Main article(s): History of Canada, Declaration of Allegiance

The Dominion of Newfoundland (now Newfoundland and Labrador) was unified with Canada in 1949. Canada's post-war economic growth, combined with the policies of successive Liberal governments, led to the emergence of a new Canadian identity, marked by the adoption of the current Maple Leaf Flag in 1965, the implementation of official bilingualism (English and French) in 1969, and the institution of official multiculturalism in 1971. Socially democratic programs were also instituted, such as Medicare, the Canada Pension Plan, and Canada Student Loans, though provincial governments, particularly Quebec and Alberta, opposed many of these as incursions into their jurisdictions.

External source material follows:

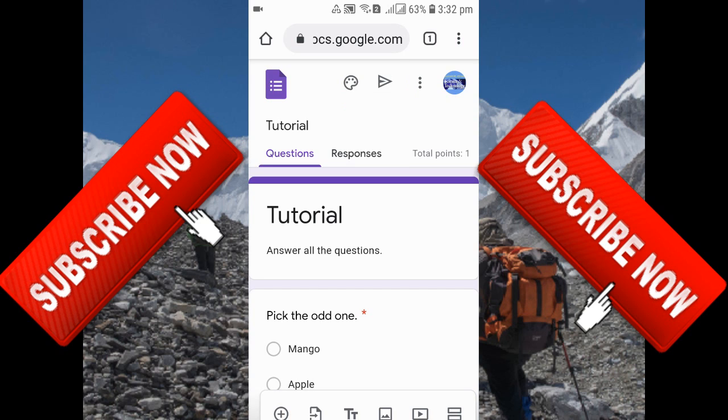Thank you everyone for watching this video. If you find this video useful, please don't forget to share it. If you're new to my YouTube channel Educator Javan, please hit the subscribe button and don't forget to hit the bell icon to receive notifications for future videos. Bye bye, I'll see you in the next video.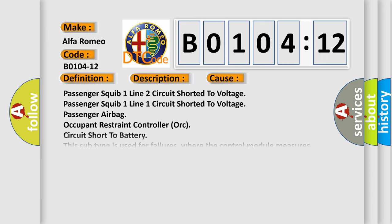This diagnostic error occurs most often in these cases: Passenger squib one line two circuit shorted to voltage, passenger squib one line one circuit shorted to voltage, passenger airbag occupant restraint controller (ORC) circuit short to battery.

Finally, another series of constitutional conferences resulted in the 1982 patriation of Canada's constitution from the United Kingdom, concurrent with the creation of the Canadian Charter of Rights and Freedoms. In 1999, Nunavut became Canada's third territory after a series of negotiations with the federal government.

At the same time, Quebec underwent profound social and economic changes through the Quiet Revolution of the 1960s, giving birth to a modern nationalist movement. The radical Front de libération du Québec (FLQ) ignited the October Crisis in 1970, and the sovereignist Parti Québécois was elected in 1976, organizing an unsuccessful referendum on sovereignty-association in 1980. Attempts to accommodate Quebec nationalism constitutionally through the Meech Lake Accord failed in 1990. This led to the formation of the Bloc Québécois in Quebec and the invigoration of the Reform Party of Canada in the West. A second referendum followed in 1995, in which sovereignty was rejected by a slimmer margin of just 50.6 to 49.4 percent. In 1997, the Supreme Court ruled that unilateral secession by a province would be unconstitutional, and the Clarity Act was passed by parliament, outlining the terms of a negotiated departure from Confederation.

In addition to the issues of Quebec sovereignty, a number of crises shook Canadian society in the late 1980s and early 1990s. These included the explosion of Air India Flight 182 in 1985, the largest mass murder in Canadian history; the École Polytechnique massacre in 1989, a university shooting targeting female students; and the Oka Crisis of 1990, the first of a number of violent confrontations between the government and Aboriginal groups. Canada also joined the Gulf War in 1990 as part of a US-led coalition force, and was active in several peacekeeping missions in the late 1990s. Canada sent troops to Afghanistan in 2001.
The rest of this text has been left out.